Tree: Find Lowest Common Ancestor

Problem: Given a binary search tree and 2 values find the lowest common ancestor.

Solution: Lets take a sample tree and see what finding the lowest ancestor means. The figure to the left shows the sample tree. To take an example, lets say the problem asked us to find the lowest common ancestor for nodes 10 and 14. Visually we can tell that node 12 is the lowest common ancestor. 15 is also a common ancestor but its not the lowest.

Since the tree is a binary search tree all the nodes to the right of any node within the tree have greater values that the node itself and all the nodes to the left have smaller values than the node. This property helps us in implementing the optimal solution to this problem. We start analyzing values at the root node and recursively arrive at a node where the two input values fall on different sides of the node. If they are on the same side of the node we recursively analyze the corresponding branch. For example, we start at 15 and see that 10 and 14 are both less than 15, so we choose the left branch and arrive at 12. Now, 10 is on the left of 12 and 14 is on the right. This is the node we are interested in.

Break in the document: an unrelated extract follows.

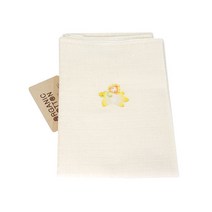 [꼭지] 오가닉기저귀2매, 오즈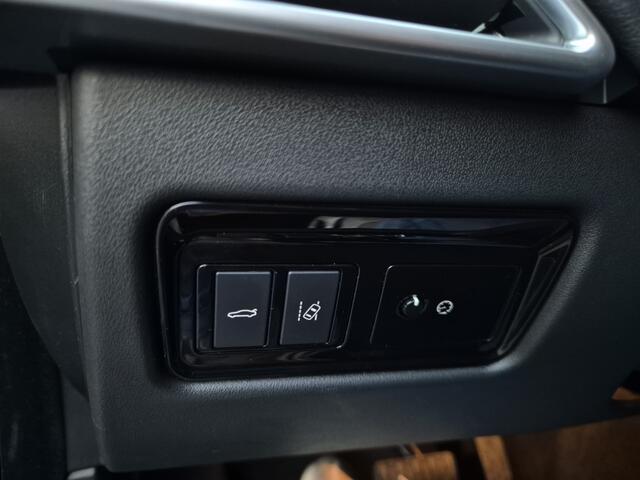 Jaguar XE 2.0 D R-Sport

There is a non-recursive solution to this problem which basically uses the same idea, which I'll post soon.

Code:
Node * Find-Lowest-Common-Ancestor(Node *pRoot, int val1, int val2)
{
 if(pRoot == NULL) return NULL;

 // if both the values are less than the current node value
 // the common ancestor must be to the left
 if(val1 < pRoot->data && val2 < pRoot->data);
 {
    return Find-Lowest-Common-Ancestor(pRoot->left, val1, val2);
 }
 // if both the values are greater than the current node value
 // the common ancestor must be to the right
 else if(val1 > pRoot->data && val2 > pRoot->data)
 {
    return Find-Lowest-Common-Ancestor(pRoot->right, val1, val2);
 }
 else
 {
    return pRoot;
 }
}

13 comments:

  1. The above solution is only partially right, if the node for which we are finding Least Common Ancestor are in the same sub-tree but at different levels, the solution wont work...
    Eg: srch for 25 and 24 in the above image

    so here is my solution that can tackle both conditions:

    // let n1 and n2 be the nodes for which we need to find ancestor
    // find level of n1 and level of n2
    // find smaller of the levels and pass that to the below function
    // returns the pointer to the least common ancestor node

    NODE getLCA(NODE root,NODE n1,NODE n2,int level){
    if(root){
    level--;
    if(level){
    if(root's value is greater than the the value of n1 and n2) // go left
    return(getLCA(root->left,n1,n2,level));
    if(root's value is lesser than the the value of n1 and n2) // go right
    return(getLCA(root->right,n1,n2,level));
    //if n1 and n2 are in different subtrees
    if(root's value is lesser than one of the nodes(n1 or n2) and
    root's value is greater than one of the nodes(n1 or n2))
    return root;
    }
    return root;
    }

    this will do the job, if any updations\queries\bugs
    do let me kno....

    ReplyDelete
  2. When I was asking this question by an interviewer we had agreed upon the fact that in case of nodes that are in the same sub-tree but at different levels (ex. 25 and 24) the number closer to the root would server as its own ancestor. But, technically speaking you are right and the solution involving levels that you posted should work.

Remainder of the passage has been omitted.